Capítulo 27 – Donde el eco sangra
Punto de vista: Irina
El motor del Lada murió con un estertor grave. Irina apagó las luces y permaneció inmóvil unos segundos, observando el perfil retorcido de la iglesia.
Sus muros carcomidos por la humedad y ennegrecidos por incendios que nadie denunció parecían latir bajo el manto de la maleza.
El bosque la rodeaba, sus ramas como dedos hambrientos que rasgaban el cielo nocturno. Era un lugar fuera del mundo, un umbral entre la vida y el olvido.
El mapa hallado en la caja guiaba sus pasos con precisión casi obsesiva, y las palabras grabadas en el pergamino resonaban aún en su mente:
Donde el eco sangra, ahí comenzó tu nombre.
No sabía quién lo había escrito, ni con qué tinta, pero esas líneas la habían empujado a regresar al origen de su propio laberinto.
Empujó las puertas de roble podrido con un empellón que sacudió las bisagras oxidadas.
El crujido resonó como un lamento antiguo. Dentro, la iglesia era una caverna de piedra y penumbras.

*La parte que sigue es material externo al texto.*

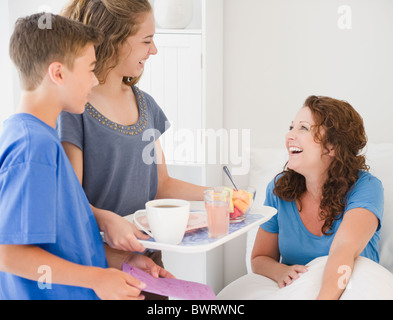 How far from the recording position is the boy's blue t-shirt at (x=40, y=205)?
0.84m

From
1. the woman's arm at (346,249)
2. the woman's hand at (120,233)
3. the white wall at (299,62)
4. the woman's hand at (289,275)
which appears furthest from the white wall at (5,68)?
the woman's arm at (346,249)

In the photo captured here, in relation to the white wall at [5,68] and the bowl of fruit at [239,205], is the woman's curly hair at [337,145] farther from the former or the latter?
the white wall at [5,68]

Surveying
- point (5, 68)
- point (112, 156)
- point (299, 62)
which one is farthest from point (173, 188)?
point (5, 68)

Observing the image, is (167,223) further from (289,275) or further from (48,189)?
(289,275)

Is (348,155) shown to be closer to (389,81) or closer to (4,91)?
(389,81)

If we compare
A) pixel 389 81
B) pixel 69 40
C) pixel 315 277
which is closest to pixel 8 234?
pixel 69 40

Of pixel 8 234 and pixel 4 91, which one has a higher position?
pixel 4 91

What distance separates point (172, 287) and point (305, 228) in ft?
2.11

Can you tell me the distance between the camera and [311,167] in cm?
155

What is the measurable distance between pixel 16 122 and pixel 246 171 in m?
1.49

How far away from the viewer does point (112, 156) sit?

El polvo cubría cada superficie como una capa funeraria, y el aire olía a moho, cera rancia y ceniza.
Siguió la luz temblorosa de la linterna por el pasillo central.
Las bancas, carcomidas y astilladas, daban la impresión de haber sido abandonadas tras un ritual fallido.
Los vitrales, pedazos de cristales coloreados, yacían sobre el suelo como lágrimas de colores. Cada fragmento reflejaba su silueta mientras avanzaba.
Las paredes estaban cubiertas de símbolos que la estremecían: cruces invertidas que escupían blasfemias mudas, ojos con llamas tallados en la roca y esas espirales negras que reconocía por instinto y tatuaje.
Un nudo se formó en su estómago al ver la repetición de su propia marca.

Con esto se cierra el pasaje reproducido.